▶ [WORK TASK] Each of the entries below is to be written out exactly, and the images skipped.

▶ [INPUT RECORDS]
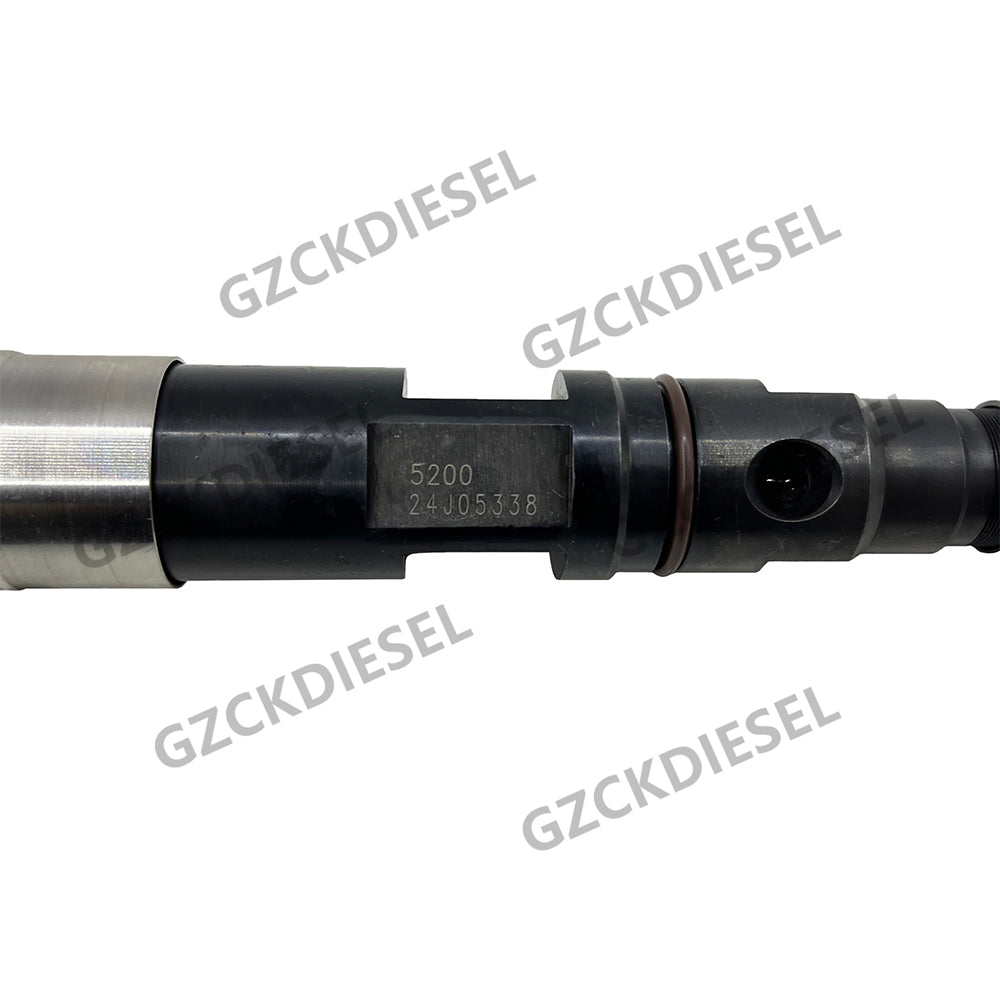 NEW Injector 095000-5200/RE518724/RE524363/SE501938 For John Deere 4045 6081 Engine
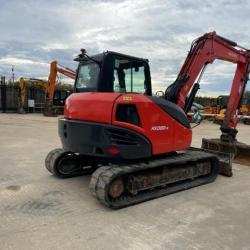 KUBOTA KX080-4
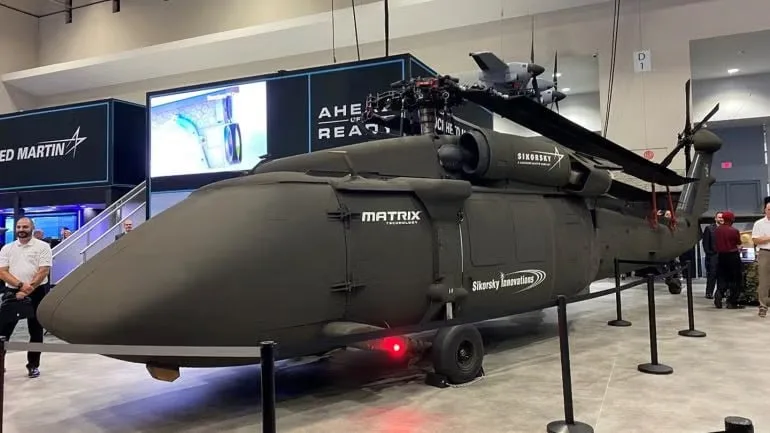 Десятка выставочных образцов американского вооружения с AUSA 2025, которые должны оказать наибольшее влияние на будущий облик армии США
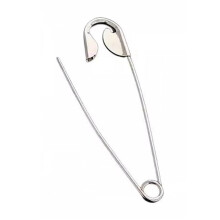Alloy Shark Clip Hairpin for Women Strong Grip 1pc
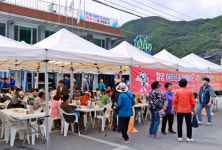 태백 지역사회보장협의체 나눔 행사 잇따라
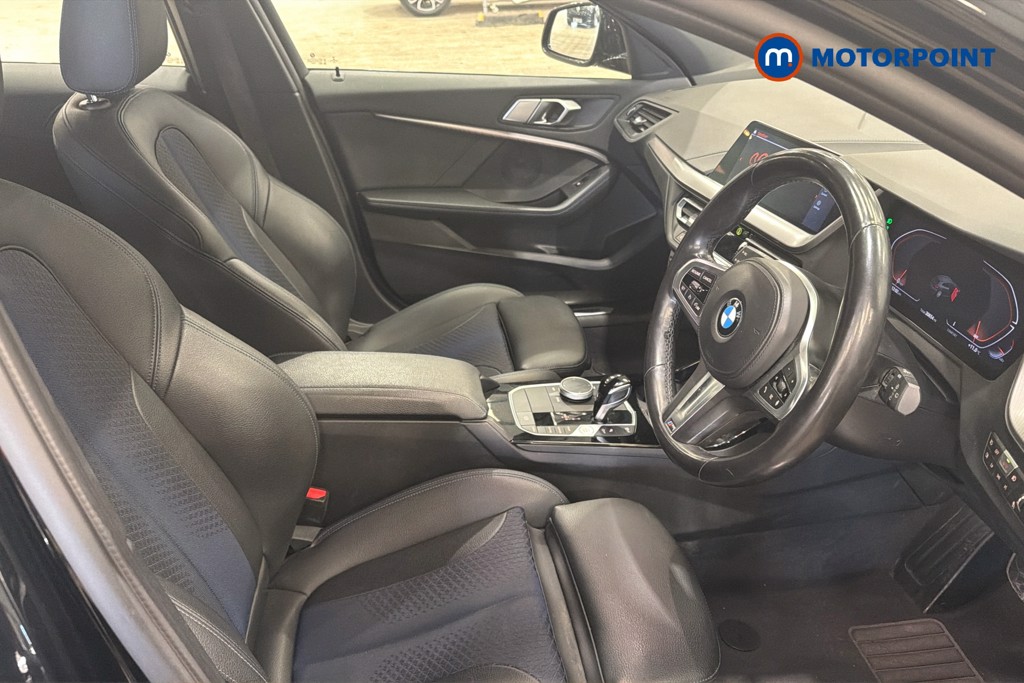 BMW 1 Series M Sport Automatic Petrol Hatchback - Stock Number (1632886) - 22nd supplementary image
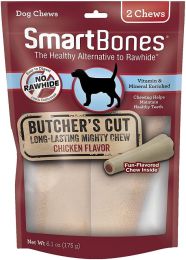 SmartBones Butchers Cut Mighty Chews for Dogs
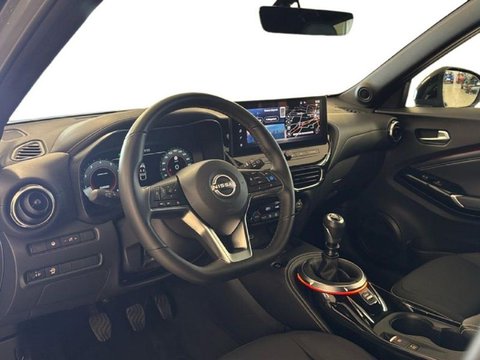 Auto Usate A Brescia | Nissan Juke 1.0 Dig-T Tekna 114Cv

▶ [SOLUTION]
 NEW Injector 095000-5200/RE518724/RE524363/SE501938 For John Deere 4045 6081 Engine
 KUBOTA KX080-4
 Десятка выставочных образцов американского вооружения с AUSA 2025, которые должны оказать наибольшее влияние на будущий облик армии США
Alloy Shark Clip Hairpin for Women Strong Grip 1pc
 태백 지역사회보장협의체 나눔 행사 잇따라
 BMW 1 Series M Sport Automatic Petrol Hatchback - Stock Number (1632886) - 22nd supplementary image
 SmartBones Butchers Cut Mighty Chews for Dogs
 Auto Usate A Brescia | Nissan Juke 1.0 Dig-T Tekna 114Cv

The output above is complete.